YAZAN: Aynur YURTSEVEN

20. Yüzyılın en önemli kadın özgürlük savaşçılarından ve sembollerindendir. O Cezayir’in Fransız sömürgesi olmaktan kurtulması yolunda verilen mücadelenin en önemli kadın kahramanıdır.
​Hikayesi, 1930’da Cezayirli bir yöneticinin Fransız temsilcisine hakaret etmesi sonucu Fransa’nın ülkeyi işgal etmesiyle başlar. Cezayirliler cesurca savaşırlar ancak silahsızdırlar ve sayıca çok azdırlar. Bu işgali takip eden beş yıl içinde ülkenin verimli topraklarına el konulur. Fransız yerleşimcilerine tahsis edilir.

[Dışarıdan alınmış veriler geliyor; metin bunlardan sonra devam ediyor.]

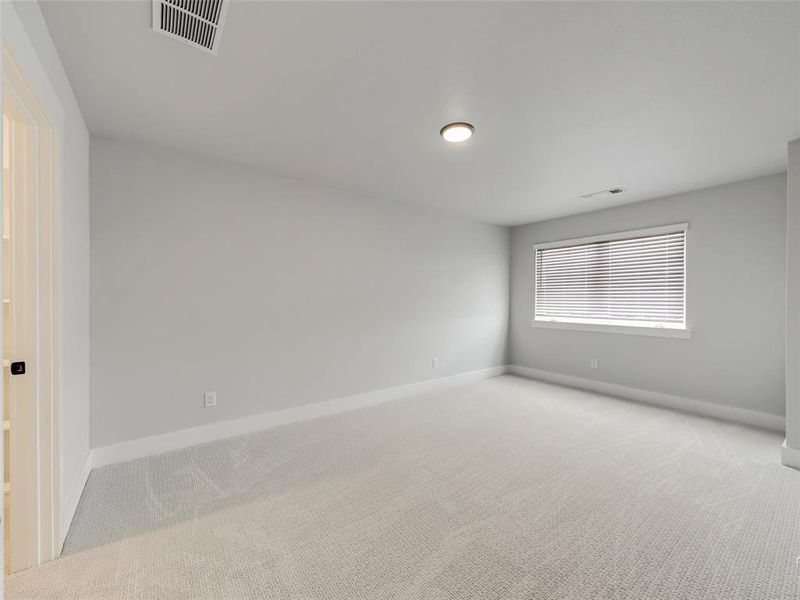 Spacious, unfurnished interior of a new home in , Sherman (Image 23).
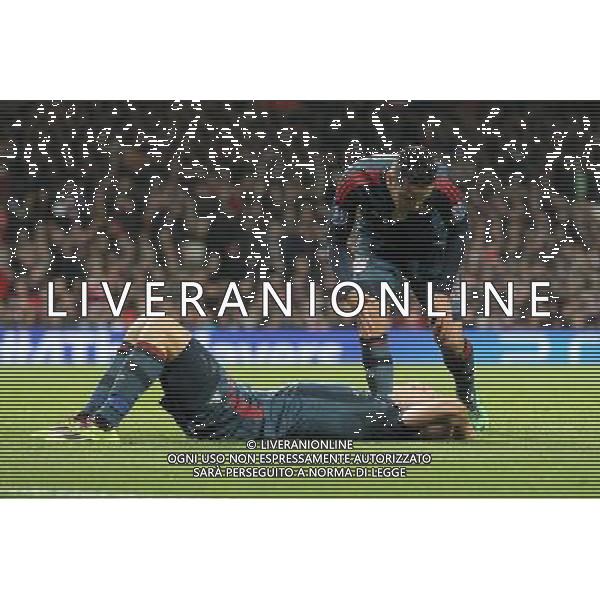 19.02.2014, Emirates Stadion, London, ENG, UEFA CL, FC Arsenal vs FC Bayern Muenchen, Achtelfinale, im Bild l-r: Arjen ROBBEN #10 (FC Bayern Muenchen) liegt gefoult am Boden, Thiago ALCANTARA #6 (FC Bayern Muenchen) kuemmert sich um ihn // during the UEFA Champions League Round of 16 match between FC Arsenal and FC Bayern Munich at the Emirates Stadion in London, Great Britain on 2014/02/19. EXPA Pictures © 2014, PhotoCredit: EXPA/ Eibner-Pressefoto/ Kolbert *****ATTENTION - OUT of GER***** AG ALDO LIVERANI SAS ONLY ITALY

​DJAMİLA BOUHiRED 1935 yılında Cezayir’de doğar. Orta sınıf bir ailenin çocuğu olarak yetiştirilir. Çocukluk ve gençlik yıllarında Cezayir de Fransa işgali altında bulunuyordu. On yaşındayken, 1945 yılında Fransa 2. Dünya Savaşının sona ermesini fırsat bilerek Setif’de Cezayirlilere karşı büyük bir katliama girişir. Tarihe ‘Setif Katliamı’ olarak geçen bu kara gün, Cezayir halkının bağımsızlık arzusunu daha da alevlendirir. Özellikle bu katliamdan sonra çoğunluğu öğrenci kökenli olan Cezayirli gençler, Ulusal Kurtuluş Hareketine (FLN) katılmaya başlarlar.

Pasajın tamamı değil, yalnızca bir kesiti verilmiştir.